The first thing Noah Hallenbeck noticed was how big everything looked when he arrived at Mount Vernon as a freshman after his father, Andrew, was transferred in the fall of 2017 from Colorado Springs to Fort Belvoir.
His new high school. The football players. The student body itself. Noah had no point of reference. Nothing compared to the previous places he and his Air Force military family lived before. Could he compete here?
Mount Vernon offered a reputable football program under Monty Fritts, who took over as head coach the year before the Hallenbeck’s moved to Northern Virginia, and has led the Majors to the playoffs in each of his first four seasons.

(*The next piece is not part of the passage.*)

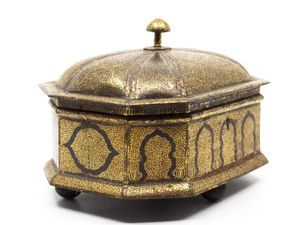 Supporting image for story: Casket set aside for scrap in Staffordshire could fetch up to £3,000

But after attending a Mount Vernon football game to get a sense of how the Majors played, Noah and his parents believed he could fit in. The rest was up to him.
Four years later, he and his younger brother Zach have settled in enough to become fixtures in Mount Vernon’s football program.

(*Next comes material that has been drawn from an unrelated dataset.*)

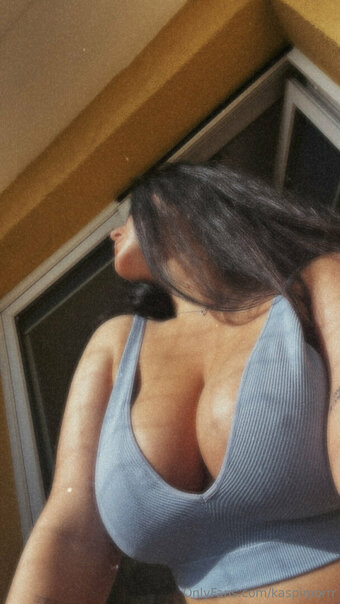 kaspimorrr Nude Leaks Photo 4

Noah is expected to start at running back and Zach will serve as a reserve offensive lineman when practice opens in February. The coronavirus delayed the start of the season until late February after the Virginia High School League voted for a compressed schedule that will allow all three sports seasons to compete, starting in December with the winter athletics.

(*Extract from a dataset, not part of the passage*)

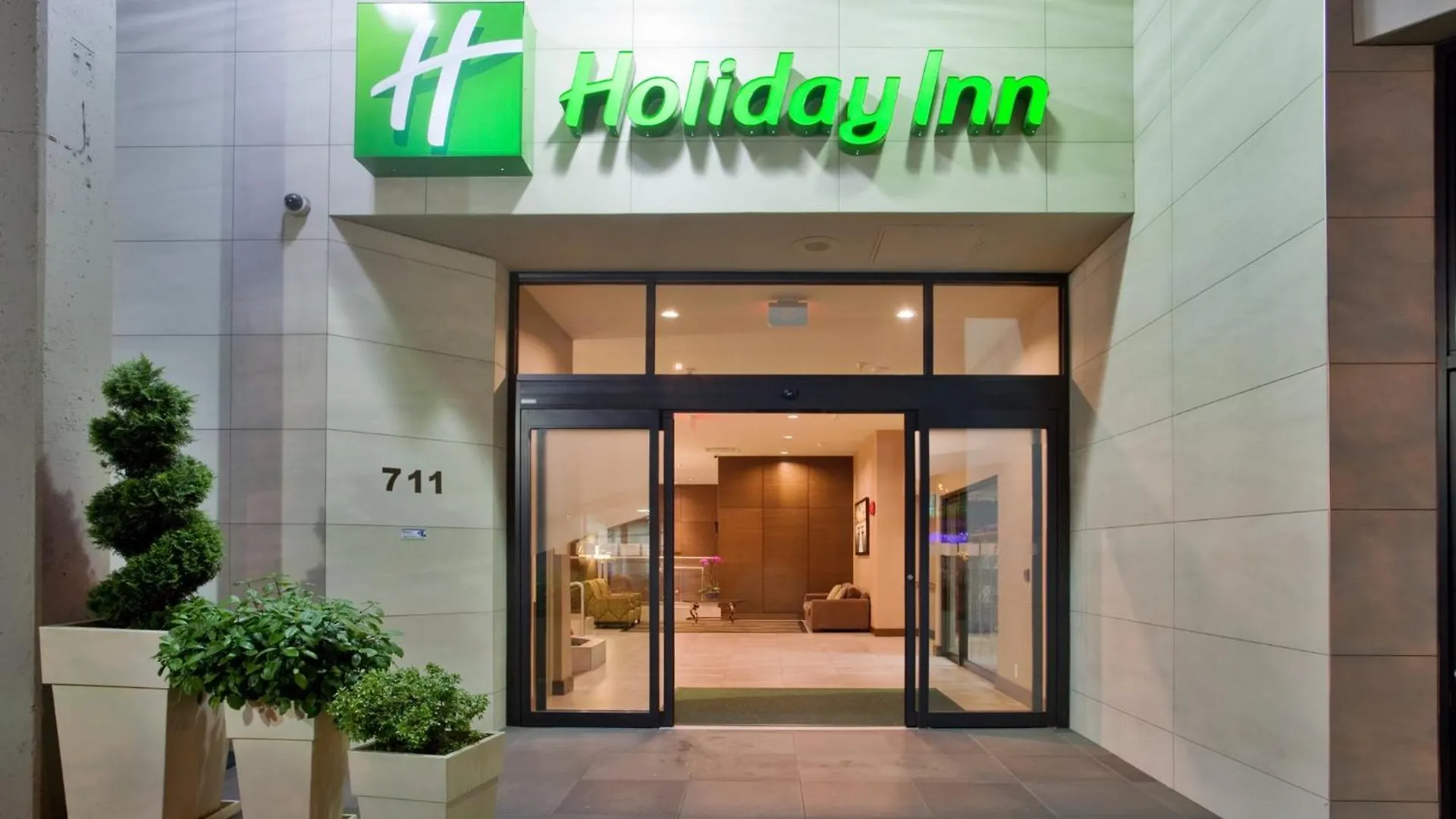 Holiday Inn Vancouver-Centre Broadway, an IHG Hotel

For now, teams are limited to conducting out-of-season workouts. Noah and Zach hoped to play in the fall, but a shortened season is better than no season at all, especially for a Mount Vernon team with high expectations. The Majors return five starters on offense and seven on defense from a team that went 10-2 in 2019 and won its first district title since 1998.
“Honestly, [the delay] motivated us more,” said Noah, who is also a team captain. “This is the year we’re going to states. We are all motivated for this.”
With the graduation of its top seniors, Mount Vernon will count on Noah to play a key role on offense.
“He’s perfect for the offense we run,” Fritts said. “We like to throw the ball to our running backs. He’s like [the New England Patriots’] Julian Edelman. He catches everything and is difficult to tackle in space.”
Fritts said Zach is slated right now as a second-string guard after spending last season on the freshman team.
“Zach has the size and is athletic,” Fritts said. “He makes a good guard for us with the way we pull our guards.”
After arriving at Mount Vernon midway through the 2017 football season, Noah increased his confidence level through determination, scoring a touchdown in his first freshman game with the Majors. It also helped that his teammates made him feel connected right away.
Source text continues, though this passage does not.